It is strange that the government wants complete access to local account holders but is not ready to get similar information for accounts lying outside which are depriving the national exchequer of billions of rupees in taxes. All responsible governments in the world have in recent years shown commitment to retrieve looted money or funds kept by their citizens in tax havens, but in Pakistan the PPP-led government during its five-year-tenure (2008-2013) acted as the main stumbling block to any such move. Now PML-N government, following in the footsteps of its rival predecessor, is also showing unwillingness to tax trillions kept by Pakistanis abroad.

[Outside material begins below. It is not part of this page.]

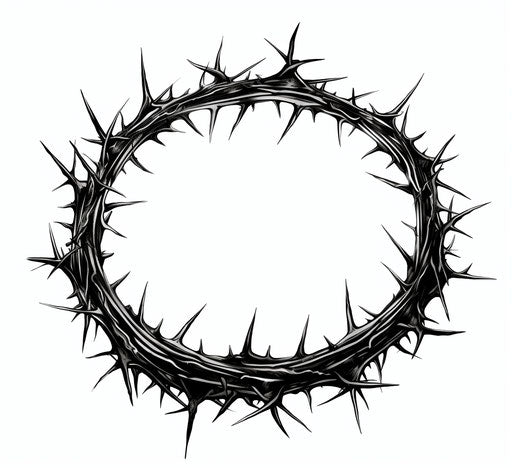 Empty crown of thorns on white background, traditional gothic graphic style, sharp and symmetrical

The issue of tax avoidance by keeping accounts in tax havens has become a highly charged political issue in the world. Across much of Europe, particularly the richer northern countries are increasingly fed up with demands for bailout money from heavily-indebted countries like Greece. A key demand of a recent bailout deal announced for Cyprus was that the nation should drastically shrink its role as a financial center and, many in Germany suspect, a haven for money laundering. In Pakistan's case we are begging for bailout from the IMF while trillions untaxed are lying abroad. One hopes IMF would pressurise Dar et al to retrieve and tax these gargantuan hidden funds by taking tough measures. There should not be different standards for Europe and Pakistan as far as IMF is concerned.

(The writers, tax lawyers and partners in HUZAIMA & IKRAM (Taxand Pakistan), are Adjunct Faculty at Lahore University of Management Sciences)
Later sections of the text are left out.